Error handling is an important and often overlooked part of the interface of functions and classes. Error handling is a heavily debated topic in C++, but often the discussions tend to focus on exceptions versus some other error mechanism. Although this is an interesting area, there are other aspects of error handling that are even more important to understand before focusing on the actual implementation of error handling. Obviously, both exceptions and error codes have been used in numerous successful software projects, and it is not uncommon to stumble upon projects that combine the two.

A fundamental aspect of error handling, regardless of programming language, is to distinguish between programming errors (also known as bugs) and runtime errors. Runtime errors can be further divided into recoverable runtime errors and unrecoverable runtime errors. An example of an unrecoverable runtime error is stack overflow (see Chapter 7, Memory Management). When an unrecoverable error occurs, the program typically terminates immediately, so there is no point in signaling these types of errors. However, some errors might be considered recoverable in one type of application but unrecoverable in others.

An edge case that often comes up when discussing recoverable and unrecoverable errors is the somewhat unfortunate behavior of the C++ standard library when running out of memory. When your program runs out of memory, this is typically unrecoverable, yet the standard library (tries) to throw a std::bad_alloc exception when this happens. We will not spend time on unrecoverable errors here, but the talk De-fragmenting C++: Making Exceptions and RTTI More Affordable and Usable by Herb Sutter ( is highly recommended if you want to dig deeper into this topic.

When designing and implementing an API, you should always reflect on what type of error you are dealing with, because errors from different categories should be handled in completely different ways. Deciding whether errors are programming errors or runtime errors can be done by using a methodology called Design by Contract; this is a topic that deserves a book on its own. However, I will here introduce the fundamentals, which are enough for our purposes.

There are proposals for adding language support for contracts in C++, but currently contracts haven't made it to the standard yet. However, many C++ APIs and guidelines assume that you know the basics about contracts because the terminology contracts use makes it easier to discuss and document interfaces of classes and functions.


A contract is a set of rules between the caller of some function and the function itself (the callee). C++ allows us to explicitly specify some rules using the C++ type system. For example, consider the following function signature:

int func(float x, float y)

It specifies that func() is returning an integer (unless it throws an exception), and that the caller has to pass two floating-point values. However, it doesn't say anything about what floating-point values that are allowed. For instance, can we pass the value 0.0 or a negative value? In addition, there might be some required relationship between x and y that cannot easily be expressed using the C++ type system. When we talk about contracts in C++, we usually refer to the rules that exist between a caller and a callee that cannot easily be expressed using the type system.

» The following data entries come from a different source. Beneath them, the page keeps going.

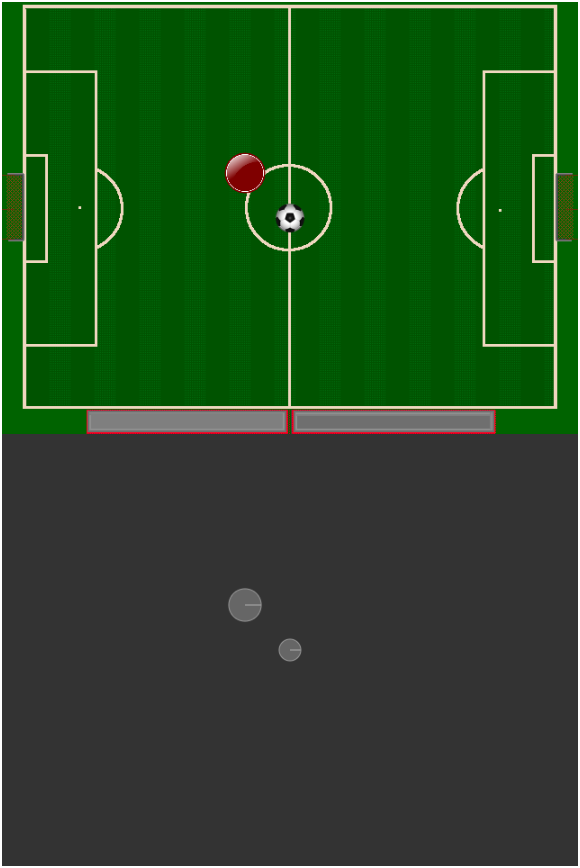 HTML5 Star Soccer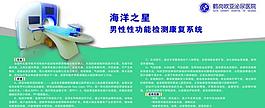 醫療設備展板圖片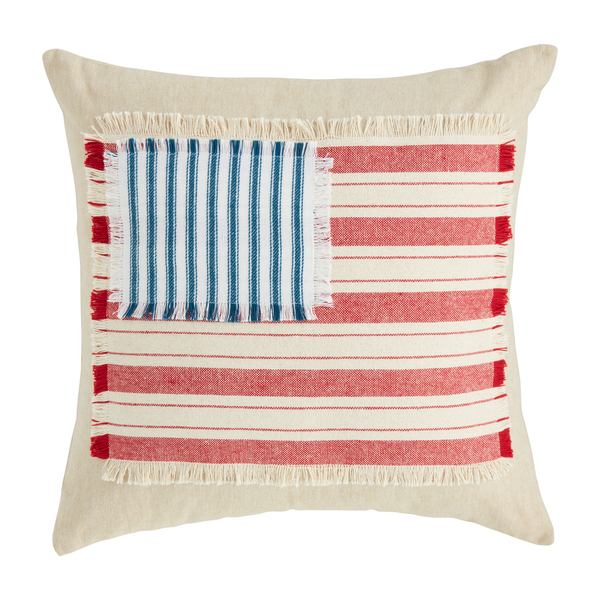 American pillow mud pie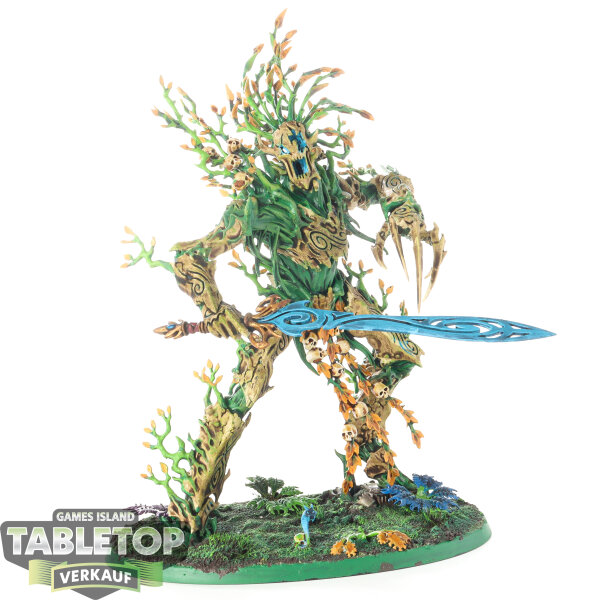 Sylvaneth - 20 Dryads - bemalt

Without being too formal, a few concepts related to Design by Contract will be introduced here in order to give you some terms that you can use to reason about interfaces and error handling:

  • A precondition specifies the responsibilities of the caller of a function. There may be constraints on the parameters passed to the function. Or, if it's a member function, the object might have to be in a specific state before calling the function. For example, the precondition when calling pop_back() on a std::vector is that the vector is not empty. It's the responsibility of the caller of pop_back() to ensure that the vector is not empty.
  • A postcondition specifies the responsibilities of the function upon returning. If it's a member function, in what state does the function leave the object? For example, the postcondition of std::list::sort() is that the elements in the list are sorted in ascending order.
  • An invariant is a condition that should always hold true. Invariants can be used in many contexts. A loop invariant is a condition that must be true at the beginning of every loop iteration. Further, a class invariant defines the valid states of an object. For example, an invariant of std::vector is that size() <= capacity(). Explicitly stating the invariants around some code gives us a better understanding of the code. Invariants are also a tool that can be used when proving that some algorithm does what it's supposed to do.

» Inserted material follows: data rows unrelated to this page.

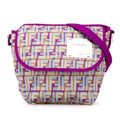 Fendi Zucca Nylon Crossbody
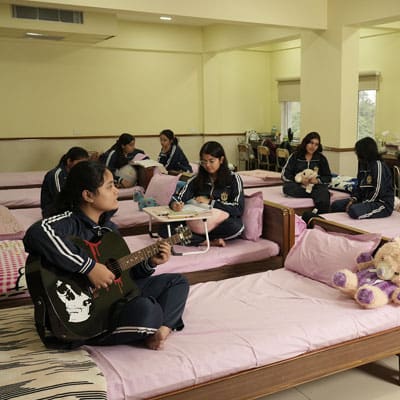 Girls Hostel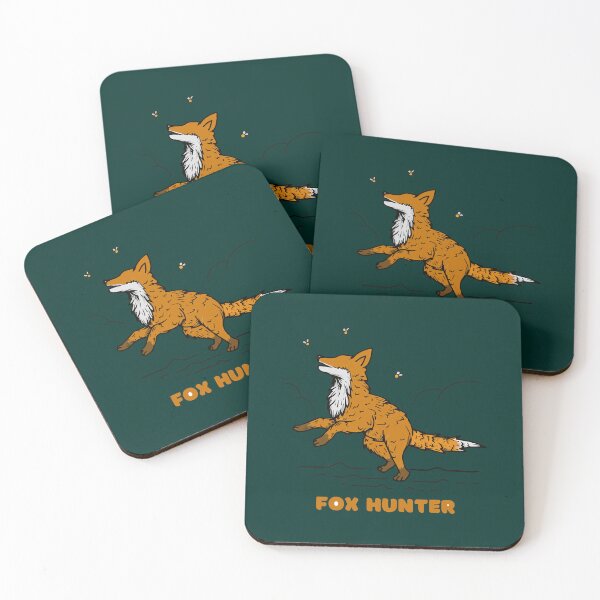 Item preview, Xof fox   designed and sold by WeimannLaverna.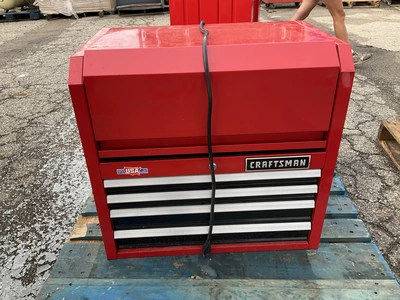 Used _UNKNOWN_ _UNKNOWN_ Tool Carts Michigan US | Miedema Asset Management Group #1406604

Class invariants are very important; we will therefore spend some more time discussing what they are and how they affect the design of classes.

Class invariants

As mentioned, a class invariant defines the valid states of an object. It specifies the relationship between the data members inside a class. An object can temporarily be in an invalid state during the time a member function is being executed. The important thing is that the invariant is upheld whenever the function passes the control to some other code that can observe the state of the object. This can happen when the function:

  • Returns
  • Throws an exception
  • Invokes a callback function
  • Calls some other function that might observe the state of the currently calling object; a common scenario is when passing a reference to this to some other function

It's important to realize that the class invariant is an implicit part of the precondition and postcondition for every member function of a class. If a member function leaves an object in an invalid state, the postcondition has not been fulfilled. Similarly, a member function can always assume that the object is in a valid state when the function is called. The exception to this rule is the constructors and the destructor of a class. If we wanted to insert code to check that the class invariant holds true, we could do that at the following points:

struct Widget {
  Widget() {
    // Initialize object…
    // Check class invariant
  ~Widget() {
    // Check class invariant
    // Destroy object…
   auto some_func() {
     // Check precondition (including class invariant)
     // Do the actual work…
     // Check postcondition (including class invariant)

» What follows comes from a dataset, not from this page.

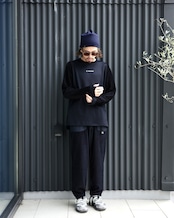 Octa ONEDAY L/S TEE / RGT-08-1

The copy/move constructors and copy/move assignment operators were left out here, but they follow the same pattern as the constructor and some_func(), respectively.

When an object has been moved from, the object might be in some empty or reset state. This is also a valid state of the object and is therefore part of the class invariant. However, usually there are only a few member functions that can be called when the object is in this state. For example, you cannot call push_back(), empty(), or size() on a std::vector that has been moved from, but you can call clear(), which will put the vector in a state where it is ready to be used again.

You should be aware, though, that this extra reset state makes the class invariant weaker and less useful. To avoid this state completely, you should implement your classes in such a way so that moved-from objects are reset to the state the object would have after default construction. My recommendation is to always do this, except in the very rare cases where resetting the moved-from state to the default state carries an unacceptable performance penalty. In that way, you can reason much better about moved-from states, and the class is safer to use because calling member functions on that object is fine.

If you can ensure that an object is always in a valid state (the class invariant holds true), you are likely to have a class that is hard to misuse, and if you have bugs in the implementation, they will usually be easy to spot. The last thing you want is to find a class in your code base and wonder whether some behavior of that class is a bug or a feature. Violation of a contract is always a serious bug.

In order to be able to write meaningful class invariants, we are required to write classes with high cohesion and with few possible states. If you have ever written a unit test for a class that you have authored yourself, you have probably noticed that while writing the unit test, it became clear that the API could be improved from the initial version. A unit test forces you to use and reflect on the interface of the class rather than the implementation details. In the same way, a class invariant makes you think about all the valid states an object could be in. If you find it hard to define a class invariant, it's usually because your class has too many responsibilities and handles too many states. Therefore, defining class invariants usually means that you end up with well-designed classes.

Maintaining contracts

Contracts are parts of the API that you design and implement. But how do you maintain and communicate a contract to the clients using your API? C++ has no built-in support for contracts yet, but there is ongoing work to add it to future versions of C++. There are some options, though:

  • Use a library such as Boost.Contract.
  • Document the contracts. This has the disadvantage that the contracts are not checked when running the program. Also, documentation tends to be outdated when the code changes.
  • Use static_assert() and the assert() macro defined in <cassert>. Asserts are portable, standard C++.
  • Build a custom library with custom macros similar to asserts but with better control of the behavior of failed contracts.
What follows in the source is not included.